Idorenyin, however, confessed that she was a cultist and that the gun belonged to her lover. She said: “I am a member of Sky Queen Confraternity. I am just an ordinary member. I don’t hold any position in the group. I have known the owner of the gun who is my man-friend (lover) since last year. He sleeps with me and supports me with little things, but he is not the one paying my school fees.

“My mother knows about him because he visits me at our house and sometimes he sleeps over at my place because I have my own room and in the morning he goes back to his own house.”

Idorenyin’s lover, Okon Effiong, who claimed to be 38, admitted he started sleeping with her in August 2020. They were paraded together.

Effiong said: “I am a married man with six children. I didn’t give her the gun; she took it herself where I kept it under the bed. I started sleeping with her last August. Her mother knows me.”

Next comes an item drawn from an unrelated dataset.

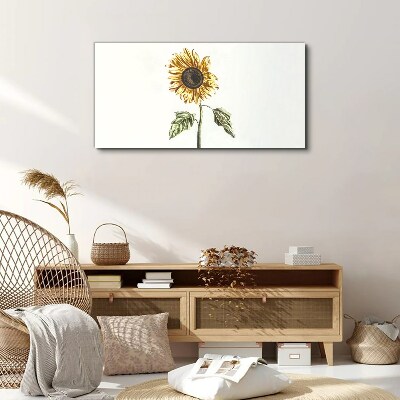 Sunflower flower on white background Canvas wall art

He disclosed that he had started performing the traditional rites to marry her, stressing, “They know she is my wife.”

On February 16, some boys allegedly gang-raped a 15-year-old girl in the Ejigbo area of Lagos. In a statement, the spokesperson for the state police command, Muyiwa Adejobi, said: “The mother of the victim, one Tawa Abbey, of No. 200, Mafo Bus Stop, Idimu Road, Ejigbo, reported the incident to the police that her daughter (names withheld) went to buy food at Lafenwa Street, Ejigbo, when a group of boys attacked the victim with dangerous weapon, threatened to kill her and forcefully had carnal knowledge of her in a room at No. 33, Alhaji Obe Street, Ejigbo.

“The Divisional Police Officer, Ejigbo Division, mobilised his men to the scene where four of the boys were arrested.”

Adejobi, who gave the names of the boys, all 16 years old, added: “Some items recovered from them include cutlasses and substances suspected to be Indian hemp.”

The suspects belonged to a notorious group called Ejigbo Boys.           

Indeed, teenage criminals are on rampage across the country. Investigation revealed that youth crimes are increasing daily, even as more young people are graduating from committing small crimes to becoming full-fledged criminals.

As someone noted, “it appears as if teens are in competition to outdo one another in the field of crime.”   

How did the country get to this ugly pass? Is there any possibility to reverse the ugly development? If yes, what can the country do to rescue the nuts from the raging inferno?

According to a public affairs analyst, Comrade Cyril Okemuo, “Child or juvenile crimes are commonplace these days. And there are risk factors associated with juvenile crimes. These are poverty, continual exposure to violence, use of illicit drugs, easy access to firearms, unstable family life/family violence, peer groups and media violence, among others.

“Gone are the days when sportsmen/women were awarded scholarship to further their education and become important members of society. The erosion of our core values as a people has led us to this sorry state.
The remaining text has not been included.